--- RECORDS FOR THE EXERCISE Enclosed Below ---

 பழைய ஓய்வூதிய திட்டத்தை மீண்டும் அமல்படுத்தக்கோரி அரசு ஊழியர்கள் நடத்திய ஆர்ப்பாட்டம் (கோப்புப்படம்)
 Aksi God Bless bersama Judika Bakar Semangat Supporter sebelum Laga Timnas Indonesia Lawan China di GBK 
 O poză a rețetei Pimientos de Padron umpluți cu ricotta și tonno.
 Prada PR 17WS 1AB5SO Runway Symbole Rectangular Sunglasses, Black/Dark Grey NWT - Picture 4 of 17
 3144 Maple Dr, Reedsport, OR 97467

--- End of Enclosed RECORDS FOR THE EXERCISE ---
--- RECORDS FOR THE EXERCISE Enclosed Below ---

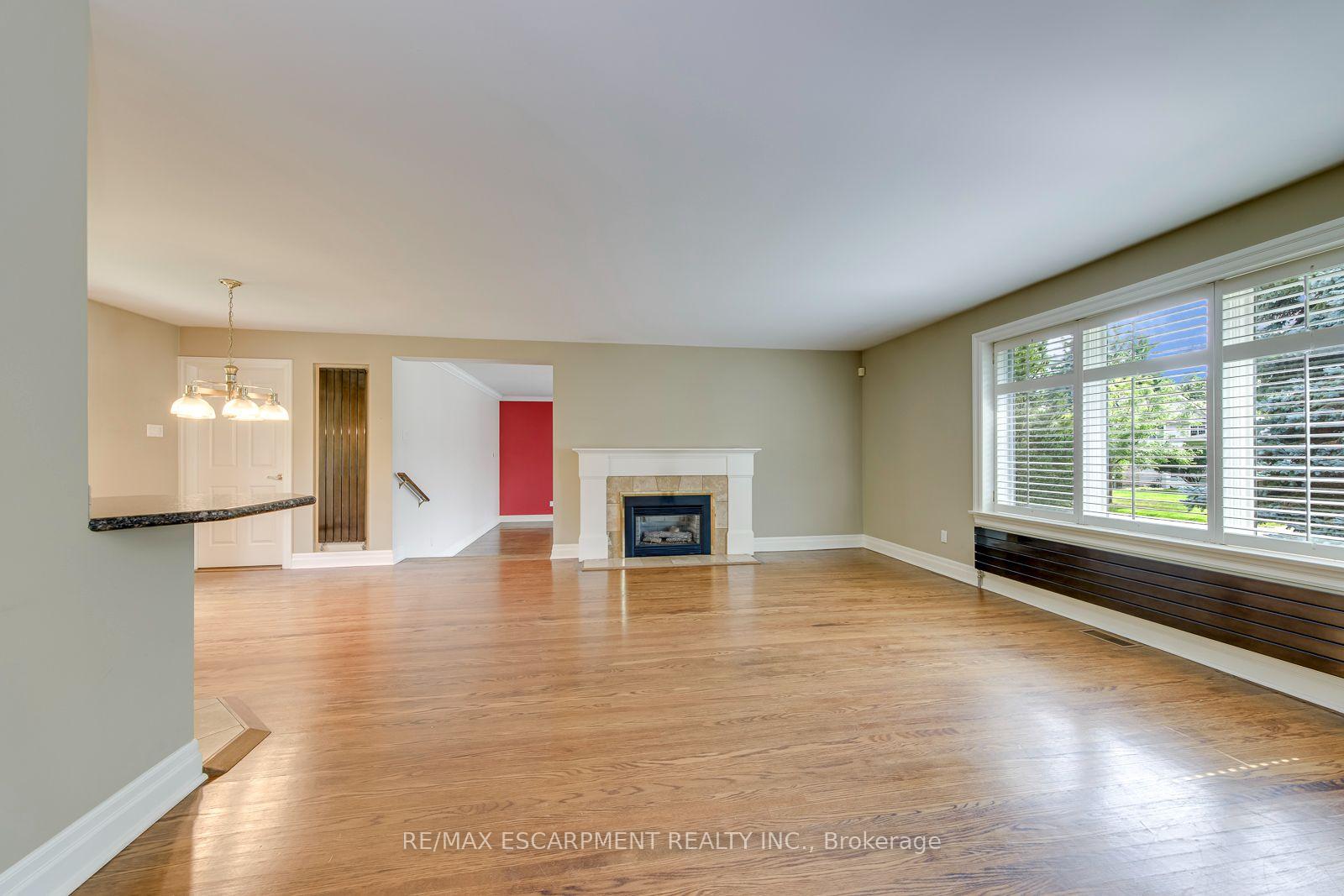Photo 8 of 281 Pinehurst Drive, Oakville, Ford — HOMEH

--- End of Enclosed RECORDS FOR THE EXERCISE ---
--- RECORDS FOR THE EXERCISE Enclosed Below ---

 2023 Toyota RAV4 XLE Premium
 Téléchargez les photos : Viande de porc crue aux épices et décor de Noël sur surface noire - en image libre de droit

--- End of Enclosed RECORDS FOR THE EXERCISE ---

Using the data above, print exactly the lines from the line that contains "2023 Toyota RAV4 XLE Premium" through the line that contains "Téléchargez les photos", with both included.

 2023 Toyota RAV4 XLE Premium
 Téléchargez les photos : Viande de porc crue aux épices et décor de Noël sur surface noire - en image libre de droit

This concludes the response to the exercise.